(Captioned web images)
- Opening Delimiter -
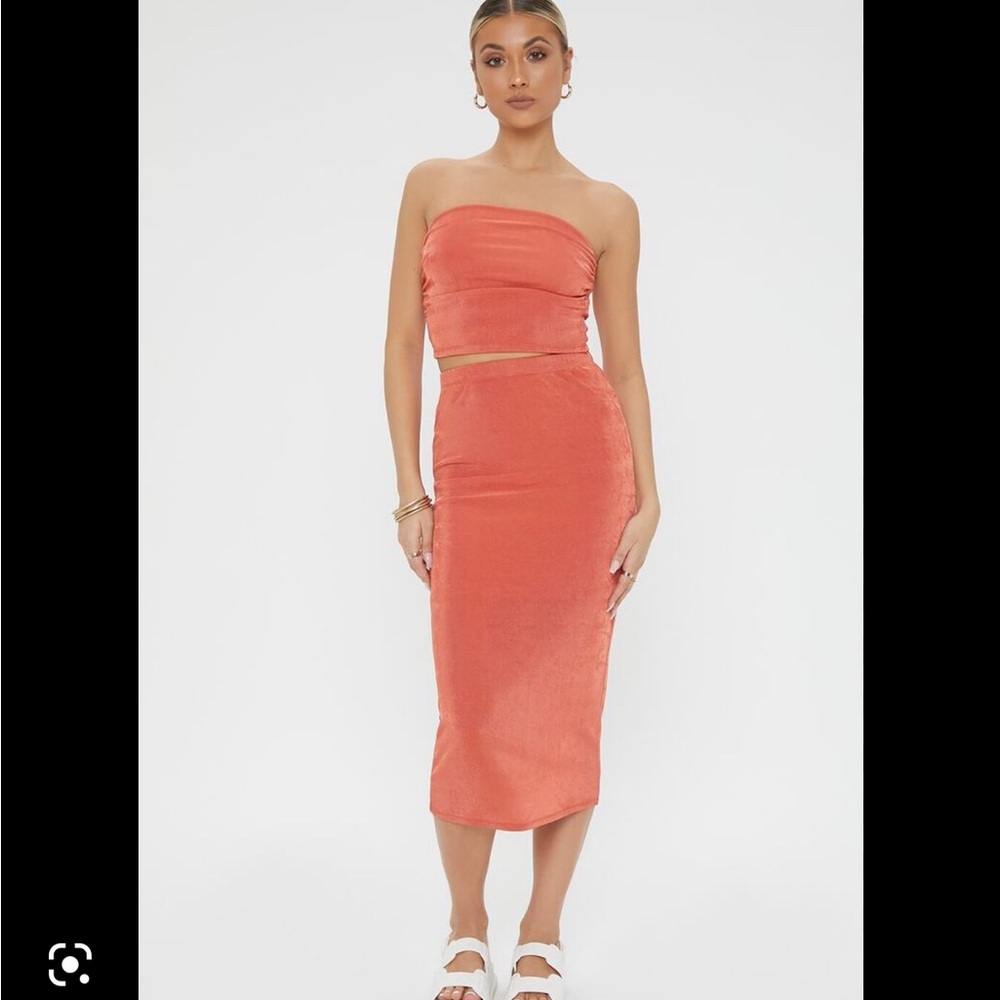 NWT- Forever 21- Two piece skirt & top set - Orange- Size Small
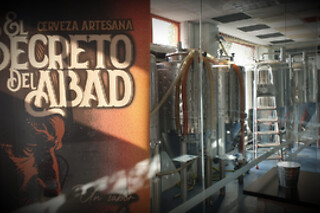 Una visita guiada a la fábrica + cata de tres cervezas con maridaje para 2 en Cervezas El Secreto del Abad en Valladolid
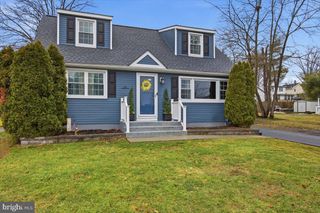 35 ROSEDALE AVE, Ewing, NJ 08638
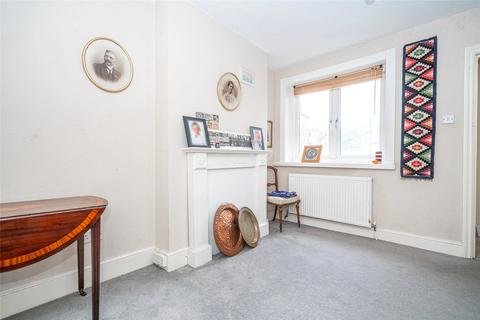 8a Rathcoole Avenue, London, N8 9NA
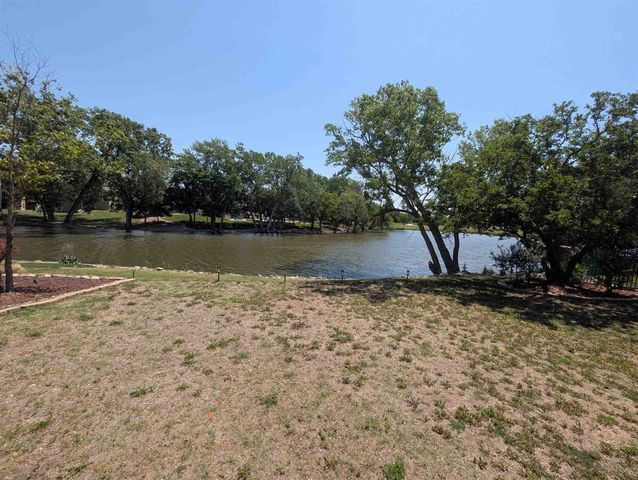 8253 E Oxford Ct, Wichita, KS 67226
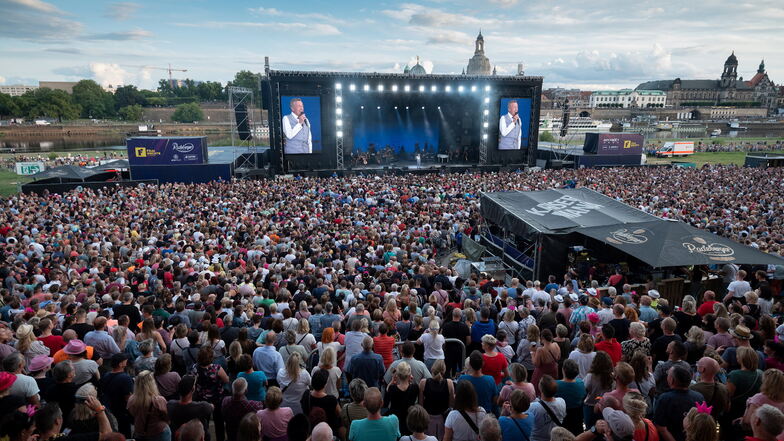 Zehntausende Menschen besuchen jedes Jahr die Konzerte von Roland Kaiser am Elbufer in Dresden. Wir wollten von ihnen wissen, wie sie die Kaisermania 2023 erlebt haben.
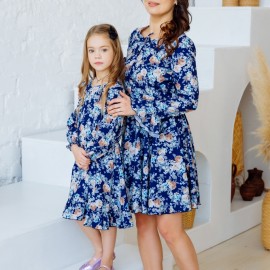 Одинаковые платья для мамы и дочки с цветочным принтом 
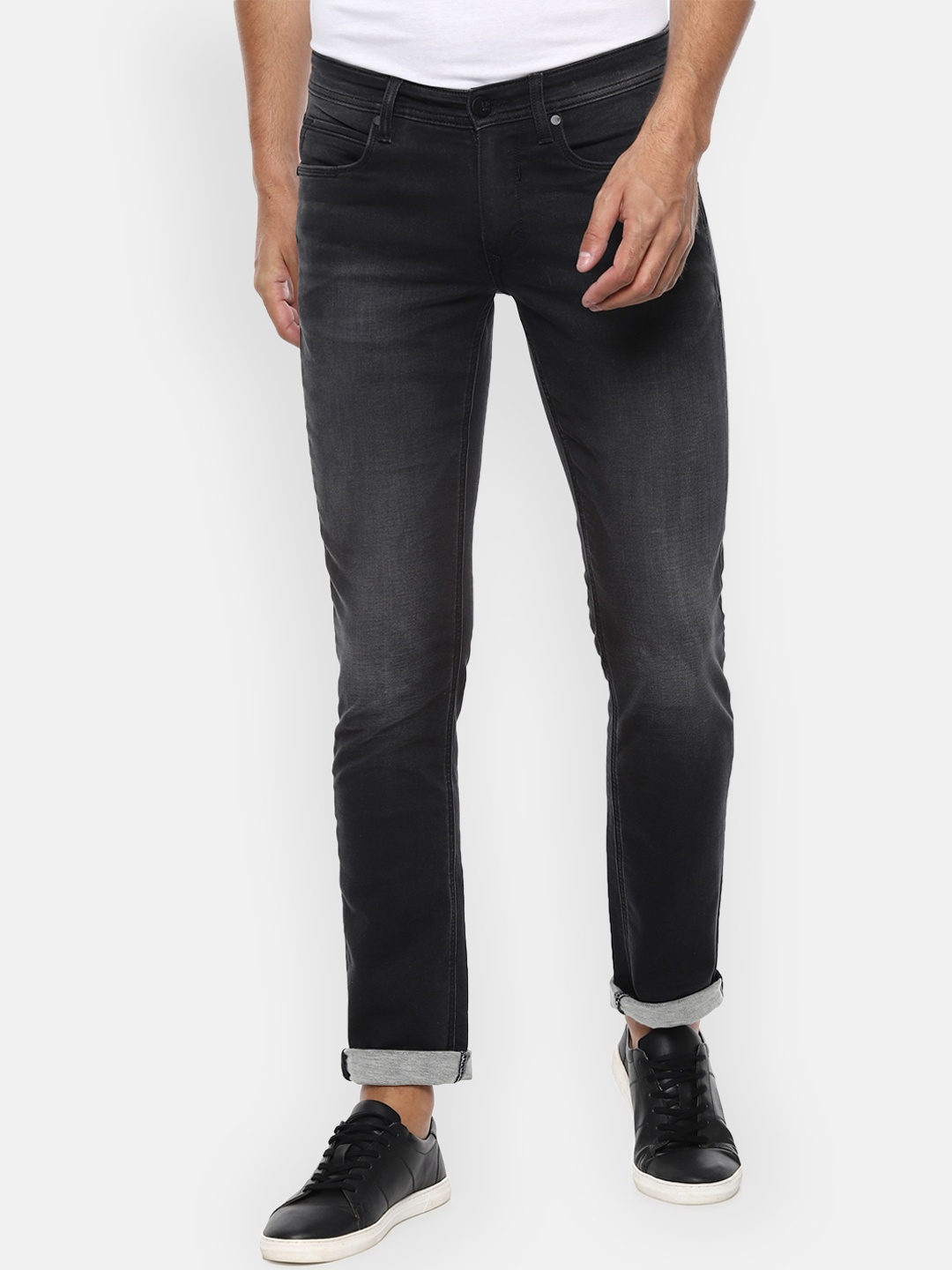 

Louis Philippe Jeans Men Black Slim Fit Light Fade Stretchable Jeans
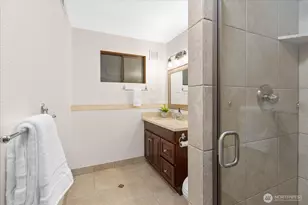 4130 156th Ln SE, Bellevue, WA 98006 - Photo 34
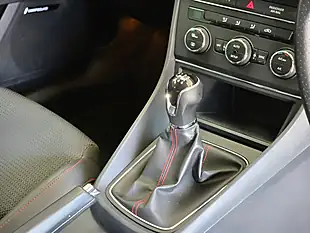Used 2015 SEAT Leon Fr Red - Interior and Exterior details 7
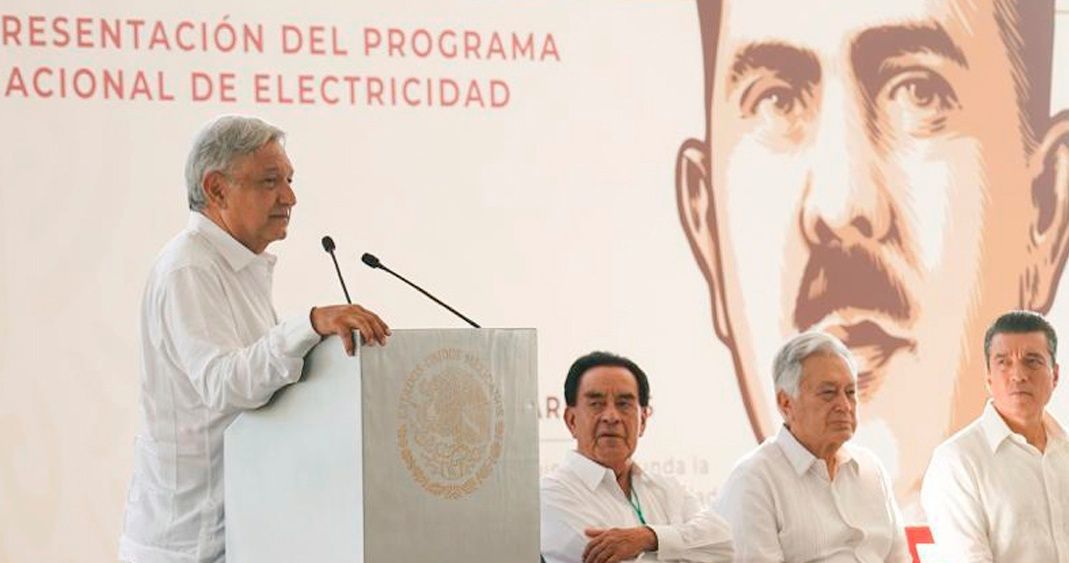 López Obrador anuncia el Programa Nacional de Electricidad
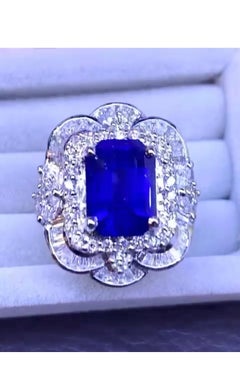 Superbe bague en saphir de Ceylan bleu royal et diamants de 7,21 carats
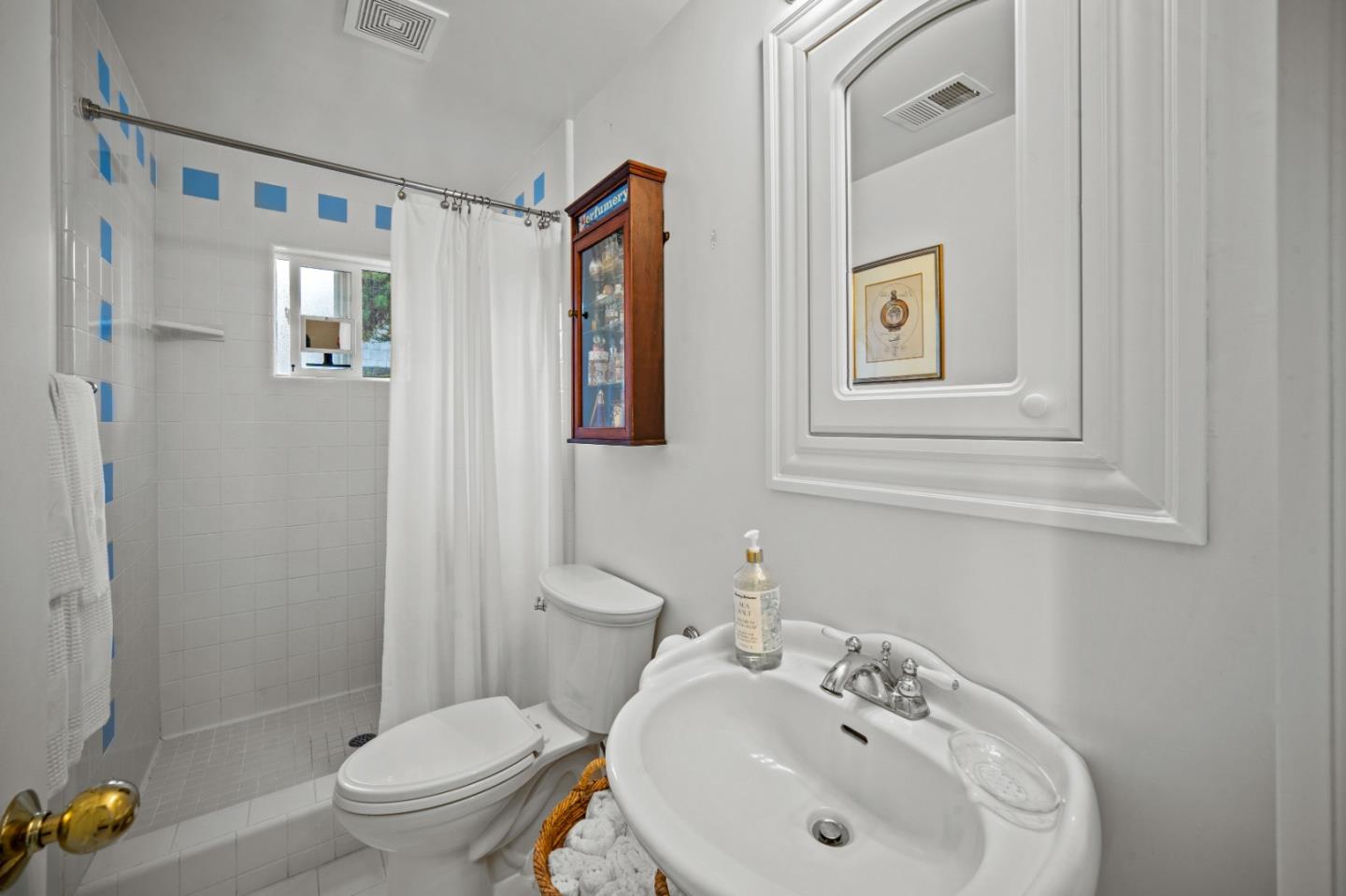 Detail Gallery Image 33 of 41 For 187 Sloat Ave, Pacific Grove,  CA 93950 - 3 Beds | 2/1 Baths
- Closing Delimiter -
[Work required] Go from the first line of the data above to the line containing "Louis Philippe Jeans" and retype exactly those lines, both included, but none of the pictures.

[Your response]
 NWT- Forever 21- Two piece skirt & top set - Orange- Size Small
 Una visita guiada a la fábrica + cata de tres cervezas con maridaje para 2 en Cervezas El Secreto del Abad en Valladolid
 35 ROSEDALE AVE, Ewing, NJ 08638
 8a Rathcoole Avenue, London, N8 9NA
 8253 E Oxford Ct, Wichita, KS 67226
 Zehntausende Menschen besuchen jedes Jahr die Konzerte von Roland Kaiser am Elbufer in Dresden. Wir wollten von ihnen wissen, wie sie die Kaisermania 2023 erlebt haben.
 Одинаковые платья для мамы и дочки с цветочным принтом 

Louis Philippe Jeans Men Black Slim Fit Light Fade Stretchable Jeans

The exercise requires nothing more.